A current Stanford student was accepted to the University “partly due to the fact that she had fabricated sailing credentials” on her application, according to federal court transcripts from the Tuesday plea hearing of former sailing coach John Vandemoer.
The student — who has never been a member of Stanford’s sailing team — was not admitted to the University as a recruited athlete, but instead went through the standard application process.
Her acceptance was followed by a $500,000 payment to the University’s sailing program from a foundation run by William Rick Singer, the man behind a national college admissions cheating and money laundering scandal involving Vandemoer and at least 49 others. Singer added the false sailing credentials to the student’s Stanford application.
Vandemoer was fired Tuesday after agreeing to plead guilty to accepting contributions to Stanford’s sailing program in exchange for his recommendation of purported sailing recruits for admission to the University.
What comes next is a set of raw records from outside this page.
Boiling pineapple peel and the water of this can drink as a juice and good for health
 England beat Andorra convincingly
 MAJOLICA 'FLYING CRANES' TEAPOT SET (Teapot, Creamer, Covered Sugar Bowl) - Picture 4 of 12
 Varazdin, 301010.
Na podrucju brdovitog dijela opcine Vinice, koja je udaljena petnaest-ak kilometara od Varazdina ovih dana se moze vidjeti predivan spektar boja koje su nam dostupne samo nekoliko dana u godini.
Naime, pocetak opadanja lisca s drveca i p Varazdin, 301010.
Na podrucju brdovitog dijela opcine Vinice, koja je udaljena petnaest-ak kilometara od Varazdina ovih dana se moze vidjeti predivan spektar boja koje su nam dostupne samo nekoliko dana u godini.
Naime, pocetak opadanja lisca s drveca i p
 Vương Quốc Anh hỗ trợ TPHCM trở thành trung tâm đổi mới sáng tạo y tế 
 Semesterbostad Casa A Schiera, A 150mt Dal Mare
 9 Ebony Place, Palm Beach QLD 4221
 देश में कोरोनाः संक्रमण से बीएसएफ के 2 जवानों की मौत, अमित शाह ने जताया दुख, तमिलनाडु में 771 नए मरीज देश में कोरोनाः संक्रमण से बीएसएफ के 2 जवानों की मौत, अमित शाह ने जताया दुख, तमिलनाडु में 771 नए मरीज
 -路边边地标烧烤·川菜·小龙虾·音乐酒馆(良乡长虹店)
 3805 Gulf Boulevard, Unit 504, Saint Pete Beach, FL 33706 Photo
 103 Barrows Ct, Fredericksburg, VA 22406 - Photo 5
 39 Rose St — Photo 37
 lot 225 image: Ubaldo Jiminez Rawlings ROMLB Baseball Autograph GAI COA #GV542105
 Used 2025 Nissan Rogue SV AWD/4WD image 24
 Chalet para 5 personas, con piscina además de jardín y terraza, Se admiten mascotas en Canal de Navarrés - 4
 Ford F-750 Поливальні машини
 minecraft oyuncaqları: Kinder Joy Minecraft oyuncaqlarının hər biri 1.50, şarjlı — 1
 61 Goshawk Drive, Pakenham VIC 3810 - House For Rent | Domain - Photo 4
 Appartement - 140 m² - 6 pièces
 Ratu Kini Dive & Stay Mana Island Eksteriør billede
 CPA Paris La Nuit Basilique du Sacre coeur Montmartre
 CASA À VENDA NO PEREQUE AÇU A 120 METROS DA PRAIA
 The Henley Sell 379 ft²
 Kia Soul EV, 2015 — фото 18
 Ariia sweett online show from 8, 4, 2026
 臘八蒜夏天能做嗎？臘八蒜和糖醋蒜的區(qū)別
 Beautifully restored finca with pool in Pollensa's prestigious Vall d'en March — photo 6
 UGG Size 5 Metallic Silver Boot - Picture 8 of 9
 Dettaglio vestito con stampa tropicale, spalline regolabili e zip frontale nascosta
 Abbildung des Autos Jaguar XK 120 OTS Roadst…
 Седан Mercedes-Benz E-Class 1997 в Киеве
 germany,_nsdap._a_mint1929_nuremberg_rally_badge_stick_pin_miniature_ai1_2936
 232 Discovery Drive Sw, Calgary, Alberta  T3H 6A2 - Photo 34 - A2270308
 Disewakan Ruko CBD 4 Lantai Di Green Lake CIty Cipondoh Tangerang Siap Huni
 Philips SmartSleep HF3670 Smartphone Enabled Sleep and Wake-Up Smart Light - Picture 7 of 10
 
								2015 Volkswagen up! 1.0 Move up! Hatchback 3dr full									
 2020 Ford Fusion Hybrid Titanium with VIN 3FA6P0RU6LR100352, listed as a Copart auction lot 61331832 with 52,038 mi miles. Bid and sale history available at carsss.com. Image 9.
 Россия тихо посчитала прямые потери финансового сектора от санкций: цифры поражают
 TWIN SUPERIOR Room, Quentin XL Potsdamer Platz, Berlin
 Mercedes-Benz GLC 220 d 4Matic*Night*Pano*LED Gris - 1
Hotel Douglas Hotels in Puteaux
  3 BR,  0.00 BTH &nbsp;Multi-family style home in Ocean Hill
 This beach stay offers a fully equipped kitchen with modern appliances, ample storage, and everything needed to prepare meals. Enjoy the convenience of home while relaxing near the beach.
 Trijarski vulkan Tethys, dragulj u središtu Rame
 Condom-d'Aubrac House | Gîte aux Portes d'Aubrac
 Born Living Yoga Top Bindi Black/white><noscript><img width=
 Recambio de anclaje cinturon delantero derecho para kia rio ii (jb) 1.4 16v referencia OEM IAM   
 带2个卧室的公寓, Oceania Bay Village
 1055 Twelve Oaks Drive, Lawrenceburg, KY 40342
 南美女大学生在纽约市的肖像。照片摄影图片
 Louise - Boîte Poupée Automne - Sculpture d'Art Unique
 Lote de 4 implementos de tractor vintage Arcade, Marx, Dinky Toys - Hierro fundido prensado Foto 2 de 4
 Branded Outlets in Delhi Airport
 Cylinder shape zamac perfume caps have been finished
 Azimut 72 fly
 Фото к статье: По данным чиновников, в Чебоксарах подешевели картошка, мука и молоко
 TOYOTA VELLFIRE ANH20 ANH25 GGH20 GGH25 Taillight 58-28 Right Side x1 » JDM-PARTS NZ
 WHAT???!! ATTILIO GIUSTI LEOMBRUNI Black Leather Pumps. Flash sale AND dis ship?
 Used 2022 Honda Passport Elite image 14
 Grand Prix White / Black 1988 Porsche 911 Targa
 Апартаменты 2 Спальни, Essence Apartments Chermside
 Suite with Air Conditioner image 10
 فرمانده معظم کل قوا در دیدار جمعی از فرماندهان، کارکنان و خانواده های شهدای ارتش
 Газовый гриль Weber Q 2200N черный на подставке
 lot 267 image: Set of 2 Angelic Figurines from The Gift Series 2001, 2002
“We are working to better understand the circumstances around this student and will take whatever actions are appropriate based on what we learn,” wrote Stanford President Marc Tessier-Lavigne and Provost Persis Drell in a Thursday statement, noting $770,000 in fraudulent payments was received by Stanford’s sailing program as part of Singer’s scam.
Vandemoer did not do anything to affect the enrolled student’s “application in any material way,” Assistant U.S. Attorney Eric Rosen told the judge in the former coach’s Tuesday plea hearing. Vandemoer has not faced any charges related to the enrolled student nor the associated $500,000 payment from Singer’s charity.
“I’m telling you, he did nothing,” Vandemoer’s attorney, Rob Fisher, told The Mercury News in a Thursday interview, though Fisher added later in the interview that Singer’s donation to the sailing program may have been intended “to establish a relationship” with Vandemoer.
Stanford spokesperson E.J. Miranda did not answer The Daily’s questions about the unnamed student and the potential consequences of Thursday’s revelations, though Stanford News posted a statement on the matter that “will be updated as new information becomes available.”
“Applicants to Stanford sign a statement verifying that the information they are providing is accurate,” the statement reads. “If it is found to be inaccurate, they can be disenrolled from the university or have their admission cancelled, as has regretfully happened in the past.”